Kaka's complicated Orlando legacy is a contrast of on-field and off

Jasen Vinlove-USA TODAY Sports

A huge salary didn't yield huge production, but Kaka's other contributions will never be forgotten.

The legacy of a star can be difficult to decipher.

David Beckham’s impact was never just about the on-field results, though he won two MLS Cups. Freddy Adu’s downfall wasn’t all his fault, though surely he owned some of the failures. Landon Donovan is the greatest player the U.S. has produced, yet isn’t universally appreciated by the country. Why? It’s complicated.

When Kaka announced this week he would not return to Orlando City next season, we were left with yet another uncertain legacy to interpret.

On one hand, Kaka’s presence in Orlando played a significant role in educating the Orlando audience to: a) the presence of a soccer team, and b) that you could see high-level players if you bought tickets.
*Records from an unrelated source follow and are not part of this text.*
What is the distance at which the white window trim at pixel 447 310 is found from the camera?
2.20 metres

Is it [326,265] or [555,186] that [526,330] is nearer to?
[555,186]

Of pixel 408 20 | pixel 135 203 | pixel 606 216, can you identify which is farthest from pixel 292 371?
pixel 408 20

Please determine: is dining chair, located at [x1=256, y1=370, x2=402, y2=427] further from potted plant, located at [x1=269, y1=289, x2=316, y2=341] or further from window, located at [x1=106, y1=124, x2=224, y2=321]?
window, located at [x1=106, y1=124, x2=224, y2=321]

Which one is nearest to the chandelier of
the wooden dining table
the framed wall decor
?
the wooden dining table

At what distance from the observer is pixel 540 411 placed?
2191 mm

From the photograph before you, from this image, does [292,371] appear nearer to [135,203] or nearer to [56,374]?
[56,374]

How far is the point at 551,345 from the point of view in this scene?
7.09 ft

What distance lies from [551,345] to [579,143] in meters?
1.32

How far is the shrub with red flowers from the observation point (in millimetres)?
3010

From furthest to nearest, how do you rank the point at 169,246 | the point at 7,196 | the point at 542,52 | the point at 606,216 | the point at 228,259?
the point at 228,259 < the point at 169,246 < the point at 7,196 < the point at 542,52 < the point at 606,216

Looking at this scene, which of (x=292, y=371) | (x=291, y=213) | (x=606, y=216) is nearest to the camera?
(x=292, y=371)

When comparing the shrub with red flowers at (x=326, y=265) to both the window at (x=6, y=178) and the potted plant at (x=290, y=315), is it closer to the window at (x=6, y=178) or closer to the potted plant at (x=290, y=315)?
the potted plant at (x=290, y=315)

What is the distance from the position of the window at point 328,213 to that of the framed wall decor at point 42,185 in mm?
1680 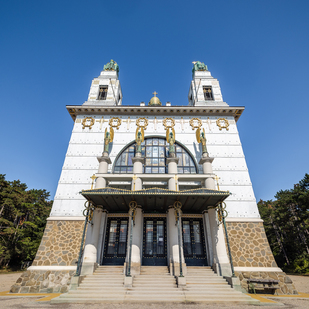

The former FIFA World Player of the Year arrived with one of the greatest résumés in MLS history. He brought instant credibility to the franchise, both locally and internationally. People in Europe and South America know Orlando City exists in part because Kaka played there. That is true currency in the soccer world.

Kaka also understood his responsibility to grow the game in this country. He is the prime example of how a star athlete should treat fans. He would sign autographs for hours after teammates had left the stadium. There were hiccups, but often Kaka would sit and smile and do the media tours every star is asked to do in this league. He was happy to sit with a local newspaper reporter before his second season to talk about the most personal areas of his life off the field as well as his goals on it. He didn’t have to do that, but he learned it comes with the territory in the U.S.

On the field, Kaka’s influence was mixed. He could still show flashes of that dominant player that wowed at AC Milan. There were moments he could take over a game. Too often, though, those moments didn’t last long enough.

As the highest-paid player in the league, Kaka’s production was just OK. In three seasons in MLS, he never scored double-digit goals – eight of his 24 goals across three seasons were from the penalty spot – and he hit double-digit assists just once. He played 28 games in his inaugural season, 24 games in 2016 and will finish his career with 23 games played in 2017. Sometimes, his defensive deficiencies left his team exploited.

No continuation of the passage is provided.